Male and female were created to be complementary to one another in every way—from their emotional and spiritual needs to their anatomical structure. While same-sex couples may attempt to experience some aspects of this "completion," they nevertheless are maintaining a lifestyle built around a sexual rebellion against God. In most cases, this will lead to an inability to make the type of commitment God desires in marriage. Studies show, for example, that even when homosexual men commit themselves to a partner, many still regularly engage in sex with other men several times a year.
The physical act of a husband and wife becoming one within marriage is easily understood. They were designed by God for one another. However, two men or two women were not designed by God to become one flesh with one another. The physical joining of two men or two women is not a natural act.
An unselfish commitment to God and to each other is the foundation of a godly home and the bedrock of a stable culture. The more we seek to redefine marriage, and chip away at God's original design for the home, the more we put our families and our nation at risk.
This debate about same-sex marriage is the latest outgrowth of a culture that for decades has been drifting from biblical standards of truth and morality. The sexual revolution, for example, sought to bring legitimacy to sex outside of marriage.

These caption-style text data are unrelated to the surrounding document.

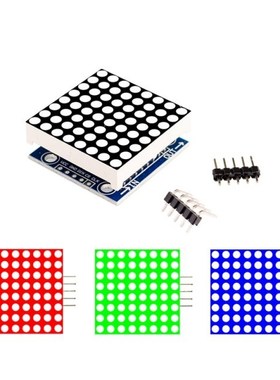 10PCS MAX7219 8*8 dot matrix module microcontroller module d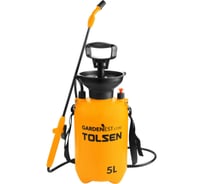 Опрыскиватель садовый помповый TOLSEN 5 л, плечевой, до 2.5 бар 57292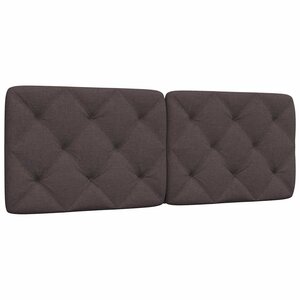 vidaXL Coussin de tête de lit marron foncé 120 cm tissu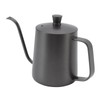 Long Narrow Coffee Kettle Black Stainless Steel Rustproof Small Pour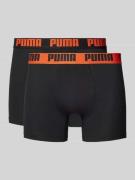 Puma Trunks mit Teilungsnähten im 2er-pack in Black, Größe L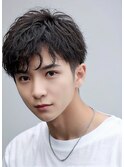 波巻きスパイラルパーママッシュショート無造作パーマ刈り上げ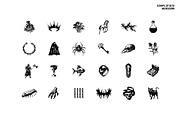 Dark Aesthetic Dithering Bundle, an Object Graphic by pixelbuddha.net (Thumbnail 17 of 22)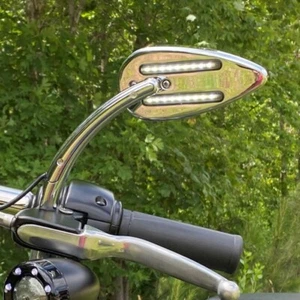 Custom Dynamics Amber/White/Red LED Mirrors - Chrome - Picture 1 of 5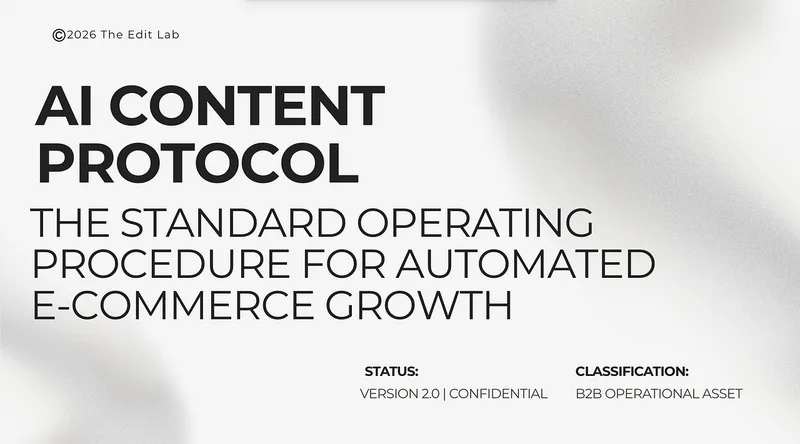 The Edit Lab — The E-com AI Content Protocol · screenshot 1 of 1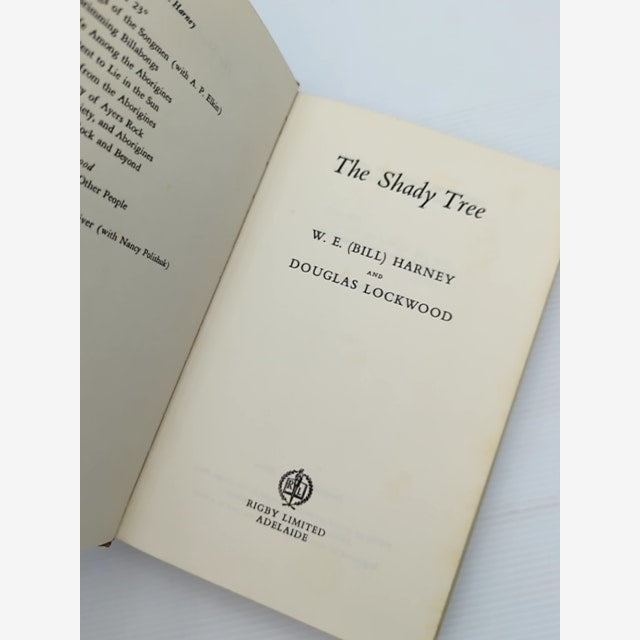The Shady Tree by W E Harney and Douglas Lockwood (Hardcover, 1963) by W E Harney And Douglas Lockwood — photo 5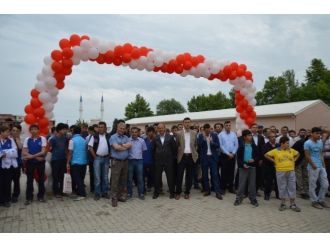 Bakan Müezzinoğlu Lise Açtı, Spor Salonunun Temelini Attı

The women's liberation movement worked to revolutionize the roles of men and women in marriage and in our society. Throw in a rising emphasis on materialism and personal happiness, and you end up with a dramatically new way of looking at marriage. In her book, The Divorce Culture, Barbara Dafoe Whitehead writes:
... Americans began to change their ideas about the individual's obligations to family and society. Broadly described, this change was away from an ethic of obligation to others and toward an obligation to self... This ethical shift had a profound impact on ideas about the nature and purpose of the family... People began to judge the strength and "health" of family bonds according to their capacity to promote individual fulfillment and personal growth.
When millions of Americans view marriage from the mindset of "What's in it for me?" concepts like responsibility, self-sacrifice, and lifelong commitment become secondary. Is it any wonder that our divorce rate is so high? Or that the number of children born outside of marriage continues to rise? Or that an increasing number of couples are opting to live together instead of marrying?
And now the continuing push to legalize same-sex marriage is seeking to redefine marriage even further. From the moment God created marriage, it was designed with a man and woman in mind. God designed two sexes male and female—He did not create four sexes. Same-sex marriage cannot fulfill God's purposes for marriage.
What's at stake?
We believe that the strength of a nation depends upon the strength of its families. We've already seen the results of redefining the concept of marriage over the last few decades; do we want to continue experimenting? Are we better off morally and spiritually as a nation? Are our children better off emotionally with the weakening of the family unit? Can our nation survive the social re-engineering of its most basic unit, marriage?